Consolidation of the county's numerous small districts was common at the time.

When the district was first created, it had two school sites: Acacia and Meloland, according to an Imperial County directory of public schools.

Realizing school facilities needed to be expanded to meet the needs of an increasing population, the school board applied and was granted an allocation for a new school. In April 1953, the new building was complete. By then, Acacia and Meloland no longer were used.


Jim Johnson, 60, remembers attending Meadows Union School when it first opened. He was in the sixth grade.

Johnson described the new school facility as a big improvement over the older schools.

Most notably for a young boy, the play areas at Meadows were much better. The new school boasted grass, a paved basketball court and a baseball diamond.

By contrast, Meloland had no grass around it, just dirt.

"When it rained, you didn't play," Johnson said, remembering that the kids instead gathered under the covered porch.

The new school also had a big auditorium and food service, Johnson said.

Today Meadows educates about 480 students in kindergarten through eighth grades. Though the school is decades old, its interiors are up-to-date, thanks to recent modernization that remodeled the school's cafeteria, kitchen and classrooms.

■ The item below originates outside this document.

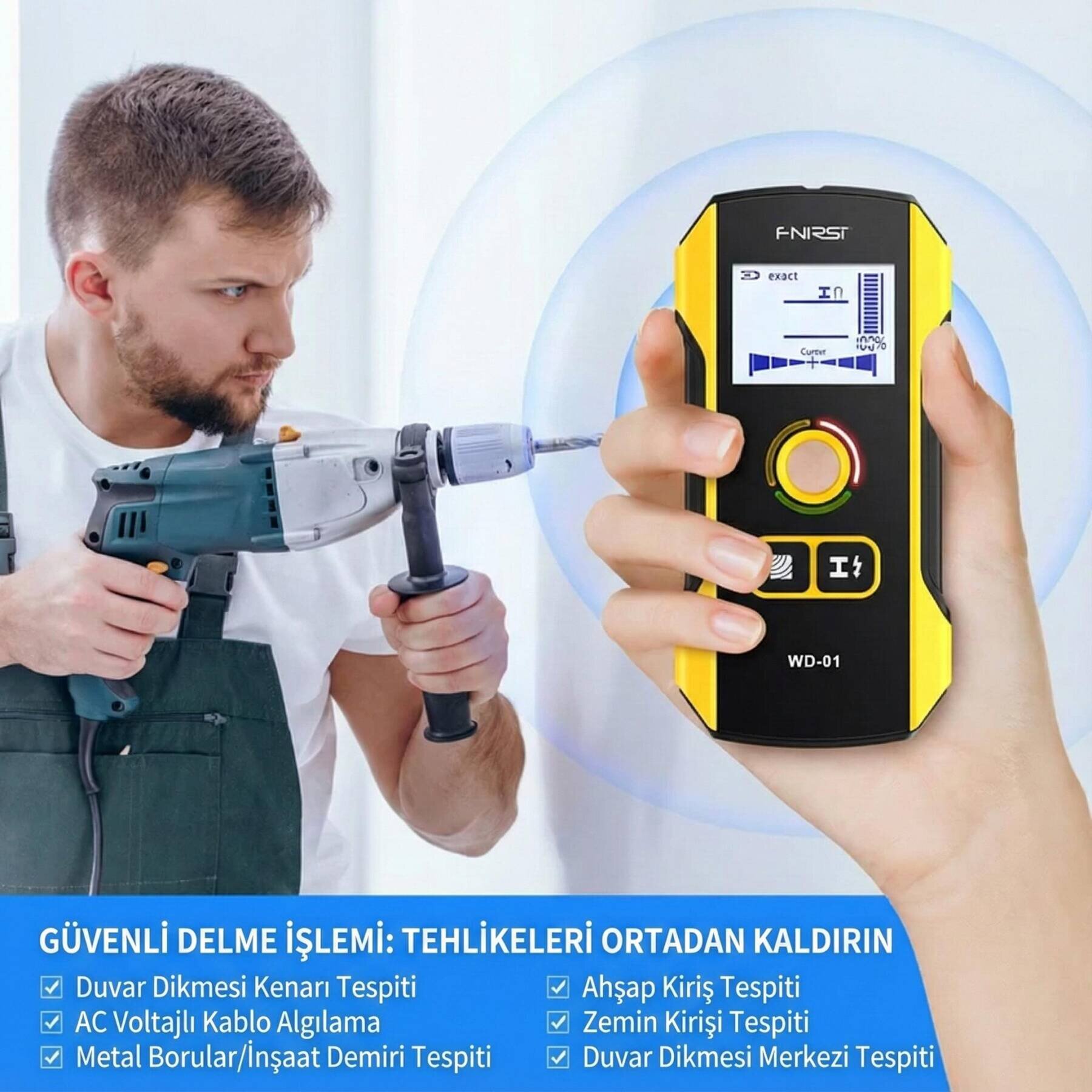FNIRSI WD-01 Metal ve Kablo Tespit Özellikli Duvar Tarama Cihazı - 4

One of Meadows' unique characteristics is its stable staff, said Superintendent and Principal Larry Kelly. Many teachers and past administrators, including Kelly, serve long tenures at the school.

"We're a rural district and perhaps it's less hectic," said Kelly, who came to the school as a teacher 26 years ago.

Kelly also credits the school's low turnover to an "excellent" school board and salary schedule comparable to other districts.

"The longer you stay, the harder it is to leave," Kelly noted.

Because Meadows serves grades K-8 all at one site, it allows teachers and staff to watch students' growth and transformation over a longer period of time. It's one of the rewarding aspects of the school, Kelly said.

Having such a wide span of ages all at one school does have some drawbacks, Kelly admits. The older students serve as models for the younger kids and, if they're acting badly, the lower grades see it, Kelly said.

"These are negatives we have to work on all the time," Kelly said.

However, Kelly points out, the students on the whole are not bad.

"We have good kids out here. I really believe that," he said.

Kelly points to the district's small size as one of the benefits Meadows offers both students and staff.

"There's a sense of a stable environment. They (students) know the teachers," Kelly said.

Meadows also places emphasis on extracurricular activities and positive rewards for students such as the trip to Sea World the second-graders go on each year, Kelly said.

Though Meadows Union has come a long way, the past is not very far away. It's actually within sight of the Meadows campus.

The old Meloland school house still stands on its original site on Meloland Road just south of Evan Hewes Highway, it's exterior not much different from when it closed.

When Meadows Union was formed and a new school built, there was no longer a need for Meloland as a school. The school, its land and surrounding buildings were put up for bid. Odie Johnson, father of Meloland's former pupil Jim Johnson, bought the land and its buildings for a bid of $1,800.

Jim Johnson and his family moved in in 1954 when he was 12 or 13 years old. Johnson has spent most of his life since then living in the converted school house.

Though the interior today gives little clue as to the building's former use, Johnson says he tries to keep the exterior faithfully preserved. Despite the addition of handicapped-accessible ramps and a small addition to the south side, the building looks much as it did when it was a school.

"I don't know, I'm sentimental, I guess," said Johnson when asked why he maintains the house's historical integrity.

"I like the look. It's got history behind it," he added.

It's a history that will not soon be forgotten.